EXERCISE = Retype, without any change, the line that contains "Mindaugas Kuzminskas uomo" and every line that follows it to the end of the entries, and nothing else.
START EXERCISE DATA
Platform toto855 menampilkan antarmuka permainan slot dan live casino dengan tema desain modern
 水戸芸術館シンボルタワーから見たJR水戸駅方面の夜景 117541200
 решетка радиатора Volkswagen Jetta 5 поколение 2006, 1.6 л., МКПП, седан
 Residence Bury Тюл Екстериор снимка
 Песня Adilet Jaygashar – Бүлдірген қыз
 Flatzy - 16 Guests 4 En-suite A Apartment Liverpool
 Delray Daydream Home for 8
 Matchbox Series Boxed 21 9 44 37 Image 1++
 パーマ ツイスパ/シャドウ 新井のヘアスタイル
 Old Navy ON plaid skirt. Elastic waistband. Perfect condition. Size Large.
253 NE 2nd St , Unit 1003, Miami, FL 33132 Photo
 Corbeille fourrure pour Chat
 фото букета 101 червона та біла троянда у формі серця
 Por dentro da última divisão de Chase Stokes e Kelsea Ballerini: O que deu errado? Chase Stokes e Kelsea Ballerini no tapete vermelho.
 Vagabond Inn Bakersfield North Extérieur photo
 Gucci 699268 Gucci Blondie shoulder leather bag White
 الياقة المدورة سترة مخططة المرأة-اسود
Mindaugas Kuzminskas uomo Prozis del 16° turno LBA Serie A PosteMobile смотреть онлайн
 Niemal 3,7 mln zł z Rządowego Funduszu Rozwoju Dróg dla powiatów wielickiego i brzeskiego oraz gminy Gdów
END EXERCISE DATA
EXERCISE OUTPUT =
Mindaugas Kuzminskas uomo Prozis del 16° turno LBA Serie A PosteMobile смотреть онлайн
 Niemal 3,7 mln zł z Rządowego Funduszu Rozwoju Dróg dla powiatów wielickiego i brzeskiego oraz gminy Gdów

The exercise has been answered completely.